Baruchel moved to Toronto a few years ago for work. His relationship with his new city is complicated, largely because of the Canadiens’ dreaded rival, the Toronto Maple Leafs. In Born Into It, Baruchel writes mock hate emails to the Leafs and two other Canadiens rivals, the Boston Bruins and the now-defunct Quebec Nordiques.

“What seems to cut through and really register with people and seems to be sort of a part of everyday Habsism is our enemies,” Baruchel said. “We are Habs fans because we like the Habs, but we are equally Habs fans because we hate the teams that the Habs hate.”

That makes his own situation more convoluted, since the number of Leafs fans in his own family is only growing, as he marries into his fiancée Rebecca’s family of Leafs fans.

“For me, there’s a certain aspect of Habs fandom that requires being a troll,” Baruchel said. “There’s this […] petty chip on our shoulder that we have that a lot of other teams don’t have [….] The first time I met all of her extended family last Christmas, I was […] wearing a Habs scarf the whole day. So, in all the photos, I’m wearing my dumbass scarf, and it definitely informed all of the introductions to everybody.”

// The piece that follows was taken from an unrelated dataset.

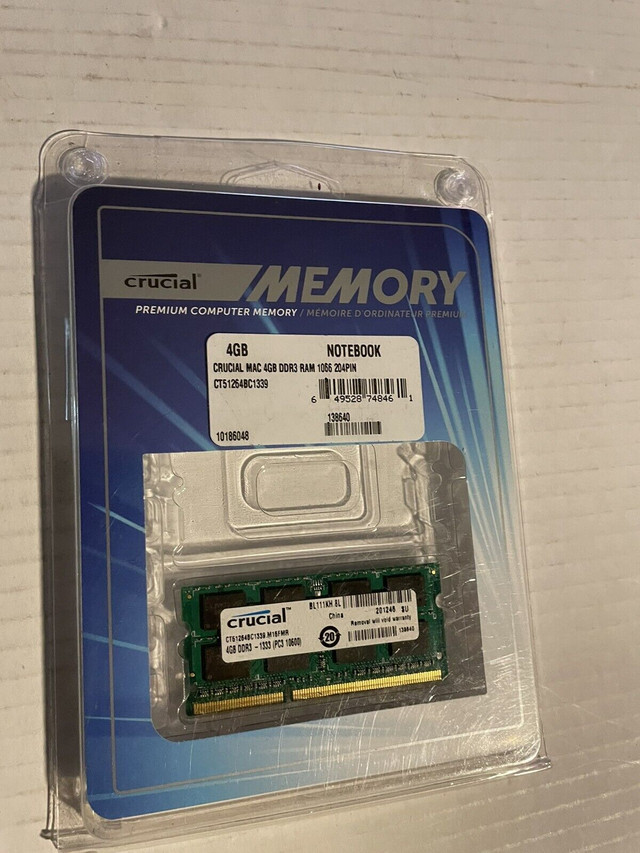 Crucial Memory 4GB-DDR3 Ram in Other in Mississauga / Peel Region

Baruchel’s love of hockey is pure; he sees it as the most beautiful game ever created. Further, he feels that if ever there were to be something truly symbolic of being Canadian, it would be hockey. The sport embodies some of what Baruchel sees as the key Canadian values.

“This is a country […] where nobody likes to paint anybody with [a single Canadian identity], but if I was to […] distill Canadianness into […] adjectives, it would be […] humility, work ethic, and toughness,” Baruchel said. “Canada’s all about doing what needs to be done when you need to do it. Because if you don’t, you can’t fucking drive your car because it’s fucking fused to the sidewalk in a cocoon of ice.”

Baruchel barely touches upon his Hollywood career in Born Into It, noting that those stories could fill a book of their own. Instead, he dedicates whole chapters to topics like hockey fighting—tying in the thread of his Goon movies, which feature a minor league hockey fighter as their protagonist.

Baruchel struggles with his feelings about fighting, since he does not have to suffer the consequences. As a fan, though, he feels that hockey fighting exemplifies Canadian traits.

“I think it’s like a dirty little secret that nobody wants to name,” Baruchel said. “Hockey fighting is as Canadian an experience for those participating in it, for those watching it, as anything [….] I think that there’s something […] honest and […] kind of quaint about trying to solve your differences with your two fists, real simply.”

To Baruchel, though, Canadianness lies in what happens after the fight.

“Look at how the majority of […] those boys relate to one another after they drop the gloves,” he said. “After it’s all said and done, it’s a lot of helping each other up off the ice [….] It’s something that’s in us and has always been in us.”

Baruchel points out that even though the public ignores it in favour of the overarching Canadian stereotype, the Canadian fighting spirit has been present throughout the country—hockey is just its outlet.

“The first time we played […] hockey indoors, there was a donnybrook [a fight],” Baruchel said.  “It doesn’t necessarily dovetail, and it might seem incongruous with progressive Canada, but I don’t think it is. I think we found a place to put it.”

Baruchel believes it is a good thing for Canada’s teams to be at odds with each other.

“I know Toronto and Montreal on a Saturday night is […] as close to […] a storied cultural institution as we have in this baby country,” Baruchel said. “And, I think that Canada is better when the Habs and Leafs are better and are at each other’s throats, and, if Canada is better, then hockey’s better.”